# ►► Suggest me cheapest Wi-Fi router for connecting cellphone for downlaoding games. Budget: Rs.1200



## kool (Oct 25, 2012)

Hi guys,

At present I'm using BSNL BB 2am-8am night unlimited plan with *SIEMENS C2110 * modem to my PC. Recently bought Micromax A100 for which *i want to buy a wi-fi router* so i can download large size games/apps to mobile phone (i.e: 100-200mb above) as my sim card has limited 3G plan. 

So suggest me *cheap & best wi-fi router* so i can connect my cellphone, sometime lappy also(i dont have lappy, will buy soon). 


Budget: Rs.1200


----------



## sumitgupta (Oct 26, 2012)

*Re: ►► Suggest me cheapest Wi-Fi router for connecting cellphone for downlaoding games.
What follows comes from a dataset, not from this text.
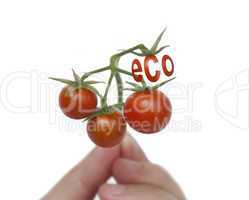 Environmental vegetables - tomatoes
Budget: Rs.1*

How about this TP-Link Wireless N 150 Mbps Router, WiFi -TPLink TL-WR740N

i can get it for For Rs.1000 on shopclues.com
TP-Link Wireless N 150 Mbps Router, WiFi -TPLink TL-WR740N

Recharge With Paytm Get Coupon of Rs.250 Off On Rs.1250


----------



## kool (Oct 27, 2012)

*Re: ►► Suggest me cheapest Wi-Fi router for connecting cellphone for downlaoding games. Budget: Rs.1*



sumitgupta said:


> How about this TP-Link Wireless N 150 Mbps Router, WiFi -TPLink TL-WR740N
> 
> i can get it for For Rs.1000 on shopclues.com
> TP-Link Wireless N 150 Mbps Router, WiFi -TPLink TL-WR740N
> ...




what is n150 means here????????


----------



## aftablonely786 (Dec 13, 2012)

*Re: ►► Suggest me cheapest Wi-Fi router for connecting cellphone for downlaoding games.*

150Mbps Wireless N Router
TL-WR740N

N stands for the technology they used...
And the below one is the model number of the router...


----------



## tanmaymohan (Dec 14, 2012)

*Re: ►► Suggest me cheapest Wi-Fi router for connecting cellphone for downlaoding games. Budget: Rs.1*

If u want portable router 


Use TPLINK- WR702N works gr8

if u want non portable then WR740N is great choice


----------